Is Sri Lanka’s Grade Five Scholarship Exam an Accurate Predictor of Intellectual Ability?
It is the time of the year when 10-year olds across the country feel like their academic futures hang in the balance. With the recent release of the 2018 grade five scholarship exam results, young students, parents, teachers, and even principals are engrossed in comparing marks, praising or disparaging students, and looking at opportunities that lie ahead. An IPS blog released around this time last year drew attention to the shortcomings of the exam in meeting its two main objectives: (1) admitting academically talented students to good schools, and (2) providing bursaries to bright, but economically disadvantaged, students. This blog deals with another aspect that has come under scrutiny: the validity of the exam as a predictor of intellectual ability. In other words, it examines whether top-performing students at the scholarship exam continue to do well in subsequent exams at higher levels.
This was analysed using a sample of high scoring students at the scholarship exam in 2008, and tracking their performance at the G.C.E. Advanced Level (A-Level) examination in 2017, assuming that a student who is in grade five in 2008 would have sat for the A-Levels in 2017. In particular, from a total of 32,405 students who scored above the cut-off mark at the 2008 scholarship exam, a sample of the highest scoring 859 students was chosen. The 2017 A-Level results of these students—a majority of who have subsequently moved to better schools across the country for secondary education—were then examined.

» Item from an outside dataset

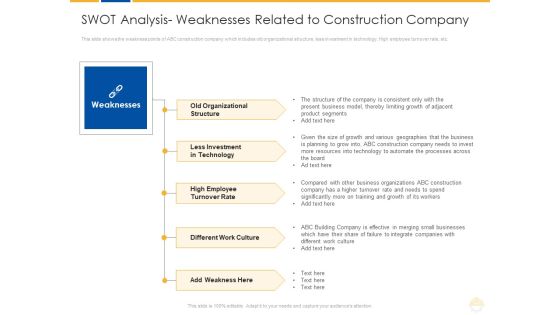 SWOT Analysis Weaknesses Related To Construction Company Ppt Summary Outfit PDF SWOT Analysis Weaknesses Related To Construction Company Ppt Summary Outfit PDF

What Share of Top-Performing Students Qualify for University Admission?
Analysis shows that 80% of the selected sample of scholarship exam high scorers subsequently passed the A-Level exam and qualified for university admission—an impressive figure. Further, a majority of these students qualified from the science stream (Figure 1), comprising of subjects which are considered important in today’s knowledge-driven economy.
Is Performance Similar across Income Levels?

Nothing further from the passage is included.